▸ **GOAL OF THE EXERCISE**
If a line includes the word "image", it belongs in the count; state the total for the data below and add nothing.

▸ **Stored dataset items**
================================

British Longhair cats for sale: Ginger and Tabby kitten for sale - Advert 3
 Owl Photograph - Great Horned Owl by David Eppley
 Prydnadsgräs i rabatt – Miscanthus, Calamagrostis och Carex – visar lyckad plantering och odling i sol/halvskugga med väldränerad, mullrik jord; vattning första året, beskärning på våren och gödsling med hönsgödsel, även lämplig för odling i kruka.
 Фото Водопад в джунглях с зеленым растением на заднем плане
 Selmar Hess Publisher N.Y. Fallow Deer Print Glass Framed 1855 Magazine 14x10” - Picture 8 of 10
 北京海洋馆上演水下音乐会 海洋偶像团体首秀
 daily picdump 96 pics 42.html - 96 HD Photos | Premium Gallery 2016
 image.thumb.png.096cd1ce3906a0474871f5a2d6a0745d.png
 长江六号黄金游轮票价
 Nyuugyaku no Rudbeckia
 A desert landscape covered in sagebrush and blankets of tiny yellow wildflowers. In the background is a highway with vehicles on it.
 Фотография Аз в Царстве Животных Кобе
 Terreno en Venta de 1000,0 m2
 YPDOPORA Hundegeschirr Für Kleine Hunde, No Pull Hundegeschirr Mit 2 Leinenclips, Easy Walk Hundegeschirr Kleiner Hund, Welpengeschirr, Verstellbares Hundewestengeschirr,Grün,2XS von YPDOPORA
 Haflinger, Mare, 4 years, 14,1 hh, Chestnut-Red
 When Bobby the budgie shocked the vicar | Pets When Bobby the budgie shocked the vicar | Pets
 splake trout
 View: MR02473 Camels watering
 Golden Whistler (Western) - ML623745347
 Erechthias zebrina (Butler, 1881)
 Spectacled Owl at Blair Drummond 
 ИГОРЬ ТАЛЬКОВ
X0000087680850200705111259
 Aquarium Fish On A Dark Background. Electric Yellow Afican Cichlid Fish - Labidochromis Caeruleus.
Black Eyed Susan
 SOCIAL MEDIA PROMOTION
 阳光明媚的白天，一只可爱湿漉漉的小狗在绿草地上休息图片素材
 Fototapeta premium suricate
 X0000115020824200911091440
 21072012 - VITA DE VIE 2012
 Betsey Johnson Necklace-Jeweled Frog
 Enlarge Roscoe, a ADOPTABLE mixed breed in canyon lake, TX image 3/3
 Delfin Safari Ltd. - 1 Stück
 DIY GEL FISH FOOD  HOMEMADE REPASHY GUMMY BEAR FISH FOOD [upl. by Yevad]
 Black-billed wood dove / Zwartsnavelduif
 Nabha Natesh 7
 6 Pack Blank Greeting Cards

================================

▸ **EXPECTED OUTPUT**
2